• [Exercise goal] Output the line that contains "3 Bedroom End" together with each line after it, through the final line of the listing below, word for word; omit pictures.
── Input data ──
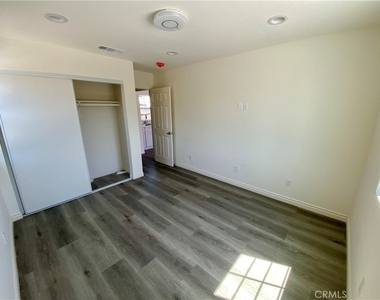 4924 Stewart Ave - Photo Thumbnail 7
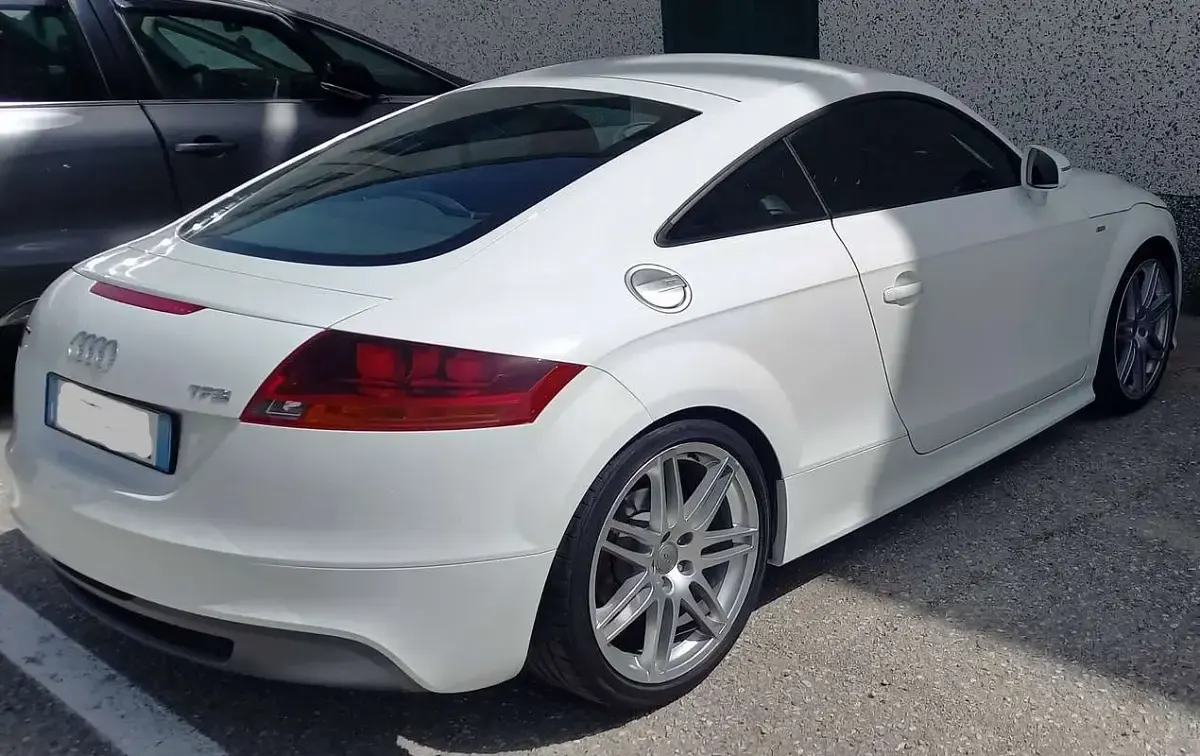Usata Audi TT Ambiente 160 CV (117 kW) 2011 Bianco Coupé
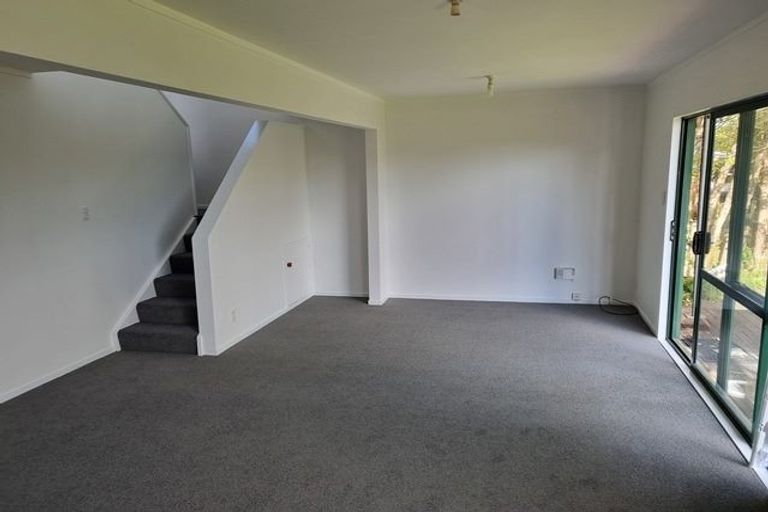 Photo of property in 1/80 Sunnyside Road, Sunnyvale, Auckland, 0612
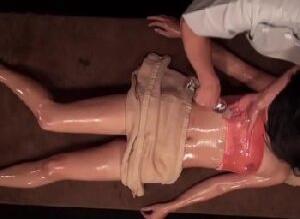 『はぁああ！そこは…//』感じ過ぎだろとツッコミたくなるくらい敏感になった美魔女が痙攣絶叫パコ！素人人妻熟女マッサージの無料...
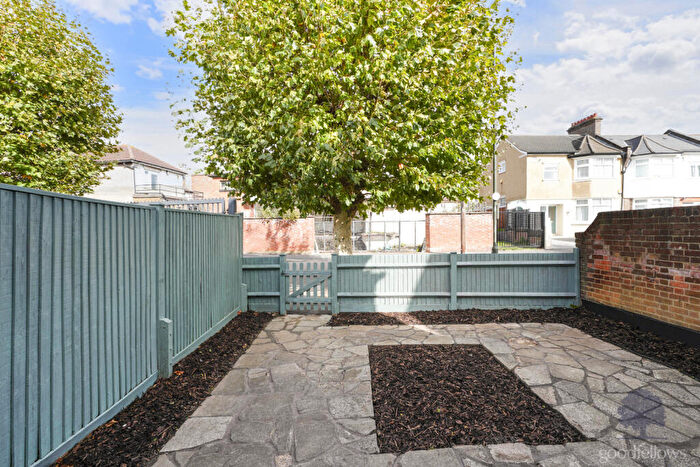 3 Bedroom End Of Terrace House To Rent In Garden Avenue, Mitcham, CR4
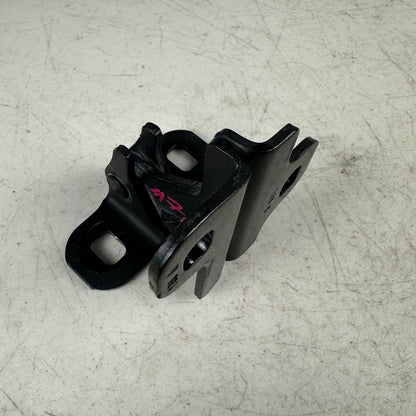 2014-2019 CHEVROLET CORVETTE C7 UPPER LEFT DRIVER SIDE DOOR HINGE BLACK OEM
───
• [Problem solution]
 3 Bedroom End Of Terrace House To Rent In Garden Avenue, Mitcham, CR4
 2014-2019 CHEVROLET CORVETTE C7 UPPER LEFT DRIVER SIDE DOOR HINGE BLACK OEM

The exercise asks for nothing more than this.